The Rotifunk community is growing in infrastructure and population, with modern houses being built. The most common livelihoods are petty trading and motorbike transportation. There are mosques and churches, with people of different faiths living amicably, schools, and a government electricity supply. Yet, the community still doesn't have a piped water supply or paved roads.

"We normally wake up very early in the morning to go and fetch water before going to school because if we delay reaching the well, we may not have water for us to return home and do the other house chores, wash, and go to school. This makes us have very little time to sleep because some of us who are in the public examination classes right now spend a lot of time studying at night and have a few hours to sleep before going to the well to fetch water.
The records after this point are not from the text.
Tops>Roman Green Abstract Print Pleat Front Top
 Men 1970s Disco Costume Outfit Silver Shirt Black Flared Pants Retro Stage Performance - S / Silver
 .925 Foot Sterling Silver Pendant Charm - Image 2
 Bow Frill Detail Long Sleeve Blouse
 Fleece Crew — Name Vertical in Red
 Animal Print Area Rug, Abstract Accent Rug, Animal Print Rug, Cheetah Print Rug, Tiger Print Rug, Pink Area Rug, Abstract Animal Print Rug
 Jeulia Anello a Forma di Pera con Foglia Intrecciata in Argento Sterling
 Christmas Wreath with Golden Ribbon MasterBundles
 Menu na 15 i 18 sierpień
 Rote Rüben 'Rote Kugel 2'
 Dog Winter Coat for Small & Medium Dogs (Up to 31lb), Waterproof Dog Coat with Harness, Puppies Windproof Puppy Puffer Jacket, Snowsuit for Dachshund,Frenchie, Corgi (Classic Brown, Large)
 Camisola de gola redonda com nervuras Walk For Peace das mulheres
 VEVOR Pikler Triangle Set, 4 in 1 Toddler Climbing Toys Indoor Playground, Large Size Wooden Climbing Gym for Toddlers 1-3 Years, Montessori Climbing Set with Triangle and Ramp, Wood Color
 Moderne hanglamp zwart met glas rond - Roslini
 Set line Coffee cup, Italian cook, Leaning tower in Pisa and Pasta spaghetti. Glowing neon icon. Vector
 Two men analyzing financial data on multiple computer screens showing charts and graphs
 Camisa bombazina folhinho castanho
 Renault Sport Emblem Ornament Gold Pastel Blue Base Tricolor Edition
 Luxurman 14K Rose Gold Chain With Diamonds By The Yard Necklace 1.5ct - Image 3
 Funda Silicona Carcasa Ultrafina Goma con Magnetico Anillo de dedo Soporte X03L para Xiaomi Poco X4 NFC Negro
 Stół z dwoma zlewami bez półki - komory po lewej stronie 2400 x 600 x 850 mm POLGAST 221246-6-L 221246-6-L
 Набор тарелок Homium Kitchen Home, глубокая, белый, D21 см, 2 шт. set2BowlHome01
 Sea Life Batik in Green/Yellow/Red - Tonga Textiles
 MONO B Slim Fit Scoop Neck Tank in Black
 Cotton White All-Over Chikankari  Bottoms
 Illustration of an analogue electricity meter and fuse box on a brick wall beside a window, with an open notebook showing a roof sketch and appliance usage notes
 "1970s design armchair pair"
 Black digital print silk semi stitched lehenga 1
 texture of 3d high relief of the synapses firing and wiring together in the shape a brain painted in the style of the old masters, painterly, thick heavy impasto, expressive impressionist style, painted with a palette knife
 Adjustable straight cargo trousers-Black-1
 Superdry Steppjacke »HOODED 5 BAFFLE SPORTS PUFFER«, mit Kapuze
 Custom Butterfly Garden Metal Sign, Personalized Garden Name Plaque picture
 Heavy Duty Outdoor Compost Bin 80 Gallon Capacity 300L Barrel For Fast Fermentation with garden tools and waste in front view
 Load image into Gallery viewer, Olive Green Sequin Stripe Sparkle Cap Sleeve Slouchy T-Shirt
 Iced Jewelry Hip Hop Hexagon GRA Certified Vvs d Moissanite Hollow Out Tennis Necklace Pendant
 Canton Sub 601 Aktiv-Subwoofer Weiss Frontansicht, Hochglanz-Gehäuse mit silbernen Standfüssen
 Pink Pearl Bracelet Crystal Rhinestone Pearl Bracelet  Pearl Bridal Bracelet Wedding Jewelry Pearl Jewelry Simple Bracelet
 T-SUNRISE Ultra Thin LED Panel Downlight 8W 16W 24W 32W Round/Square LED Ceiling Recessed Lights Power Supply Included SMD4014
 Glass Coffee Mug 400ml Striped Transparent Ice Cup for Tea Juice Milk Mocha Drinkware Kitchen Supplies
This repeated activity gives us fatigue causing us not to reach school early and also not to concentrate in class," said Aminata, a 17-year-old female student.

Due to the rising population and the present poor condition of the current water source, a hand-dug well, fetching water for drinking, and other domestic uses have been a problem for many, especially for the people who are not very close to the well. School children and workers often arrive late to school and work because of the delays in the morning.

"The well is not producing enough water for the growing population in the community. This causes people to come here and form a queue very early waiting for the time which the well is opened in the morning. I am living very close to the well, and the noise of the people very early in the morning gives my family and me less time to sleep. I have a very large family, and we use a large amount of water daily. At first, we were not having any water shortages, but now the water we have the opportunity to fetch daily has not been enough for our daily use," said Jaria Bah, a housewife.

Here’s what we’re going to do about it:

Well Rehabilitation

The well marked for this overhaul is dry for a few months every year and needs major work to supply adequate, clean water to the community year round. The pump will be removed, and a hand auger will be lowered inside and powered by a drill team. This hand auger will allow the team to drill several meters deeper to hit a sufficient water column that will ensure the well supplies water throughout all seasons.

As the team drills, casing will be installed, transforming the bottom of this hand-dug well into a borehole. PVC piping will connect this lower system directly to the pump, a construction that we know will also improve the quality of water.

Once this plan is implemented, everyone within the community will have access to safe drinking water in both quality and quantity, even through the dry months.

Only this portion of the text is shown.